### [WHAT NEEDS TO BE DONE]
Once the line with "Image shows the" is found, write it out along with every line after it, exactly, up to the last line of the entries below. Exclude pictures.

--- START ---

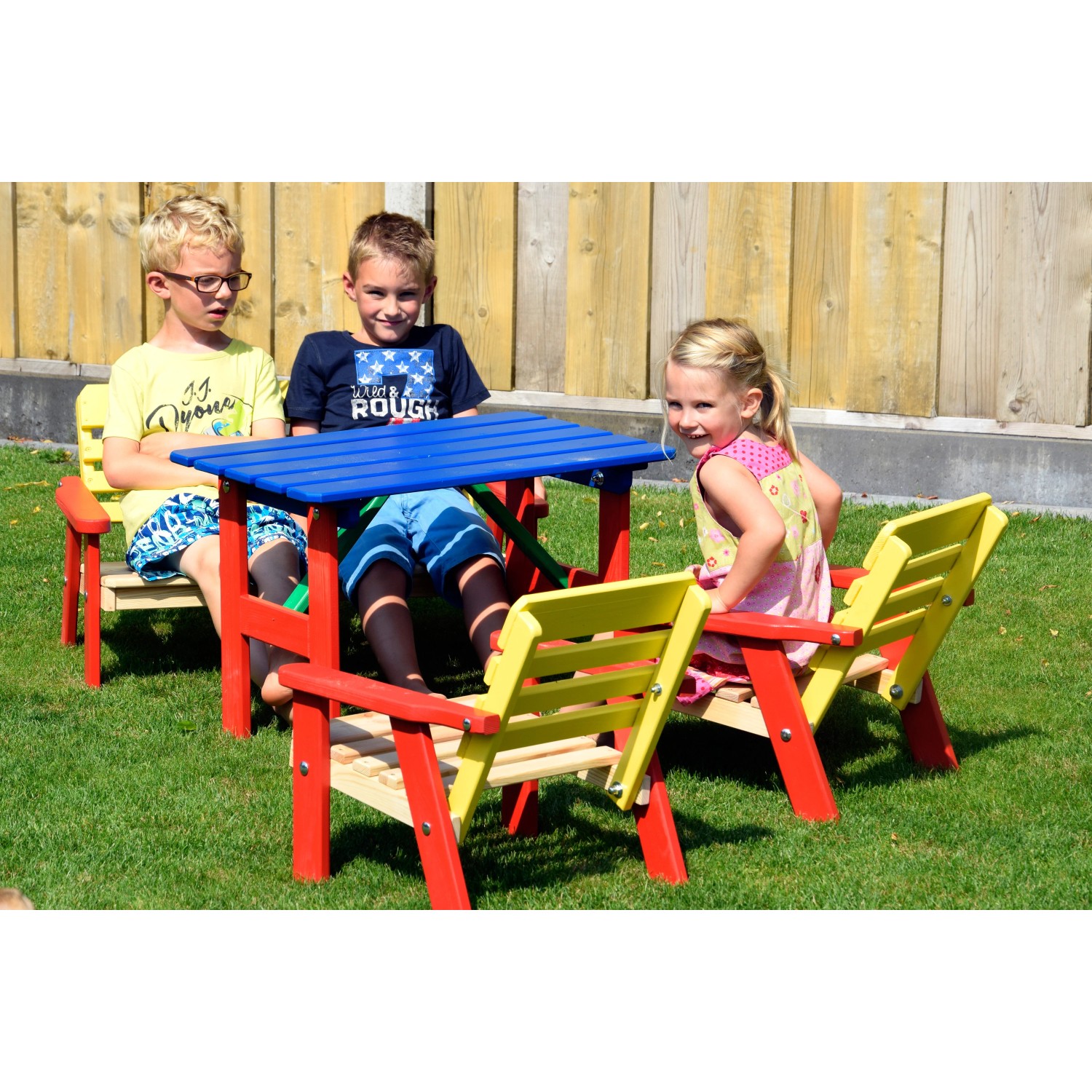 Mehrfarbige Kindersitzgarnitur von Dobar, 4-teilig mit Tisch, aus FSC®-zertifiziertem Holz. Kinder sitzen darauf im Garten.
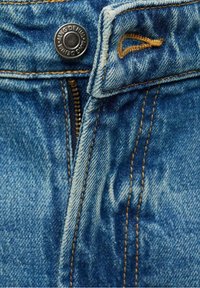 Gros plan d'un jean en denim bleu montrant une fermeture éclair partiellement ouverte, un bouton métallique avec le texte "KING DENIM" et des coutures jaunes visibles.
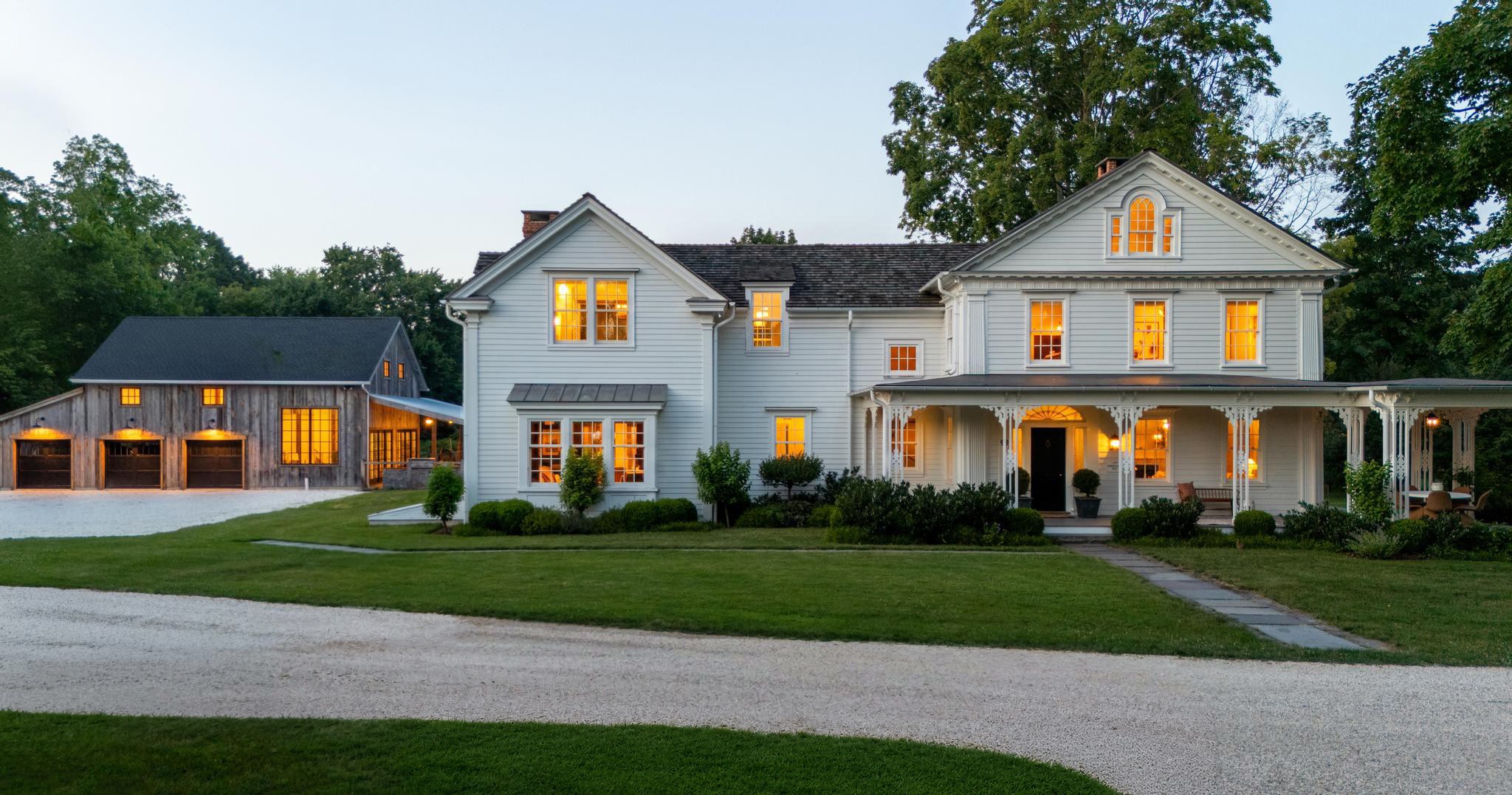 Front exterior of 98 Banks Place, an 1830 Greek Revival estate in Southport, CT at dusk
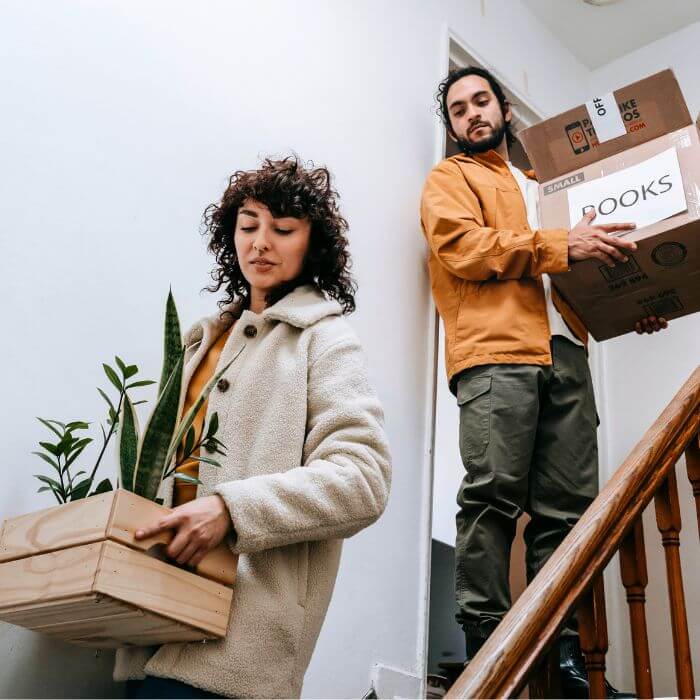 Two people with moving boxes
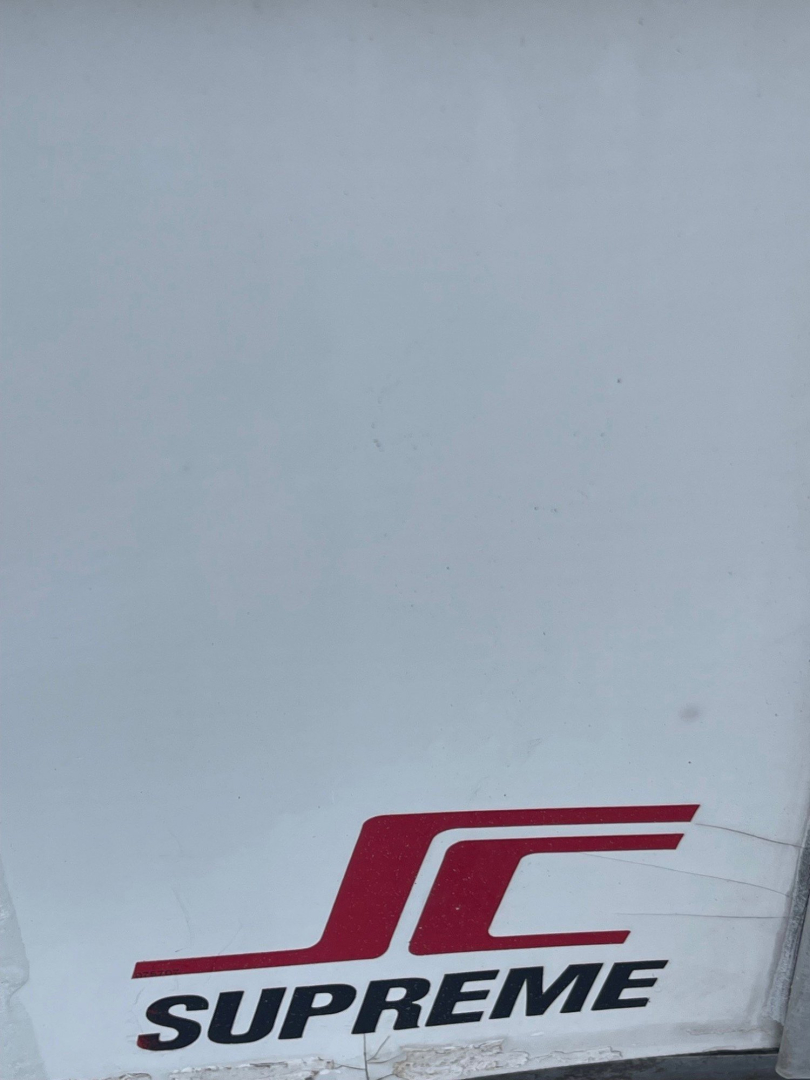 Image shows the lower corner of a vehicle with a Supreme JC logo on white body panel; no legible text about the truck specs visible.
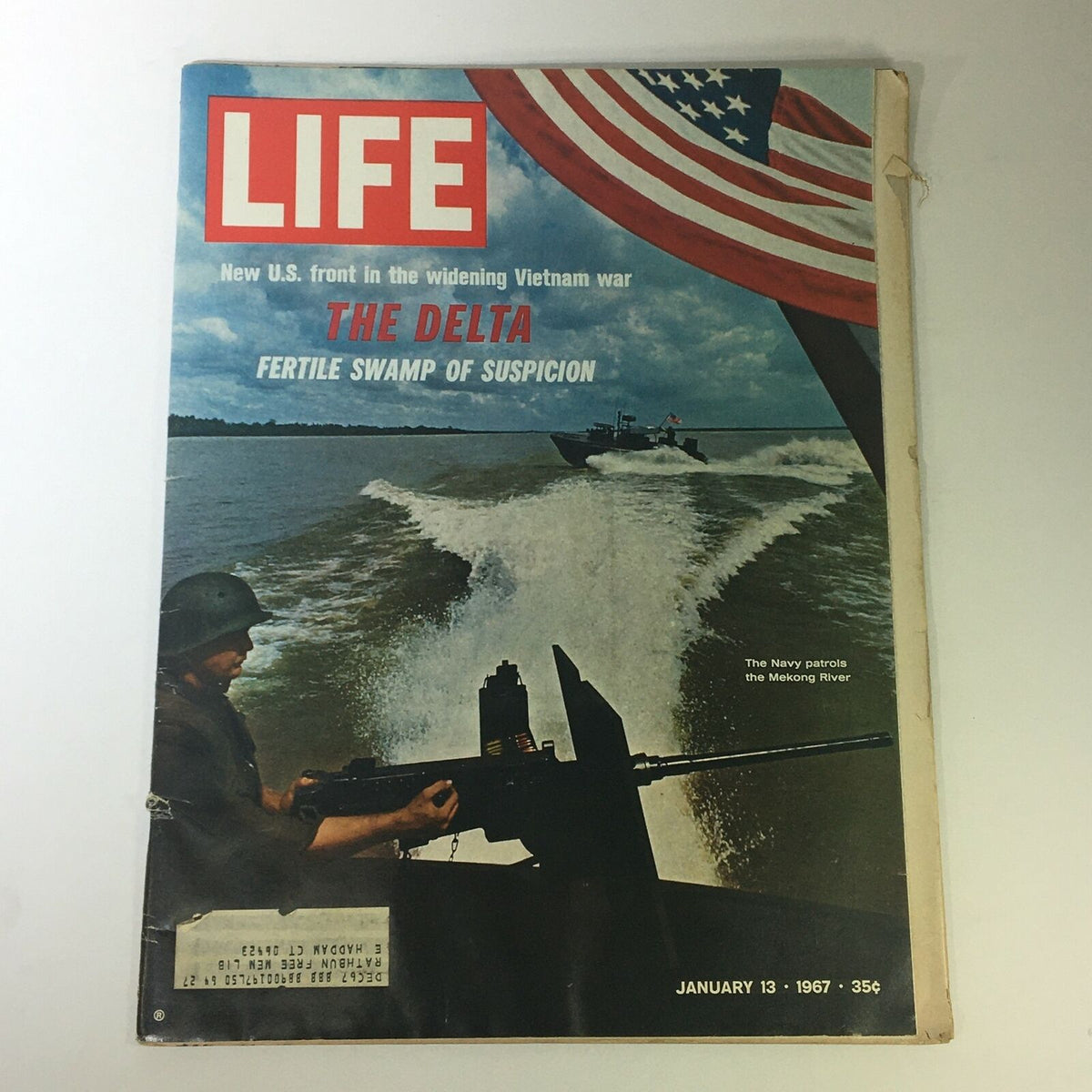 Cover of VTG Life Magazine January 13 1967 featuring The Delta Fertile Swamp, showcasing a soldier in a boat patroling the Mekong River with an American flag in the background.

--- END ---

### [TASK ANSWER]
 Image shows the lower corner of a vehicle with a Supreme JC logo on white body panel; no legible text about the truck specs visible.
 Cover of VTG Life Magazine January 13 1967 featuring The Delta Fertile Swamp, showcasing a soldier in a boat patroling the Mekong River with an American flag in the background.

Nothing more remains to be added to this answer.